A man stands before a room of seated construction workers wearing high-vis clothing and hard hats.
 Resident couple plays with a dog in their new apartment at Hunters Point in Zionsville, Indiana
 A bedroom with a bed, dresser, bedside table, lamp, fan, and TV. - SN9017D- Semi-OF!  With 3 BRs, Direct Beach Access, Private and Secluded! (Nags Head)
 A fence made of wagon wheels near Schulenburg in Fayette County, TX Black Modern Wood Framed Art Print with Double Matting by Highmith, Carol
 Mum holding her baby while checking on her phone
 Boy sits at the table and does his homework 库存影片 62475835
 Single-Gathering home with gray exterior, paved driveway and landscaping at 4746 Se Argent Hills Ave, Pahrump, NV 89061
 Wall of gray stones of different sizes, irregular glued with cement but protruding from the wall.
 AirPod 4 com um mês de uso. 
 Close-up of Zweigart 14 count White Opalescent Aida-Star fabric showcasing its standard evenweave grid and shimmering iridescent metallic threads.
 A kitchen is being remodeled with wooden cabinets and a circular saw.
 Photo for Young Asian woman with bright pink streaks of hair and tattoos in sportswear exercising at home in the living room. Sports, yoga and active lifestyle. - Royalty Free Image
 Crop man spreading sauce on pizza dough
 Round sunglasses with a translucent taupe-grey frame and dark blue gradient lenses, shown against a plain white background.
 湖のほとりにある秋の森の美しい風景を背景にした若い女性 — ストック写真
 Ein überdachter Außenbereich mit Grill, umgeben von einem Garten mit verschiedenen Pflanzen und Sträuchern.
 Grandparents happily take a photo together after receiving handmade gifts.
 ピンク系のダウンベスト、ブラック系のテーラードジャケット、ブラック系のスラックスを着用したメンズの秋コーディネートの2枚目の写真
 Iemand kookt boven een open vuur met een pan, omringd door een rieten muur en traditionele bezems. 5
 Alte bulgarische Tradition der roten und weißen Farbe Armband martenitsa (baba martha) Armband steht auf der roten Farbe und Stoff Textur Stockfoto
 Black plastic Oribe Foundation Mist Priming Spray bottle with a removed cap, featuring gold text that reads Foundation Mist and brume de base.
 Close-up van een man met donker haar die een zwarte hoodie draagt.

────────────────

§ Task statement: In the listing above, show every line with the word "Close".

§ Reply:
 Close-up of Zweigart 14 count White Opalescent Aida-Star fabric showcasing its standard evenweave grid and shimmering iridescent metallic threads.
 Close-up van een man met donker haar die een zwarte hoodie draagt.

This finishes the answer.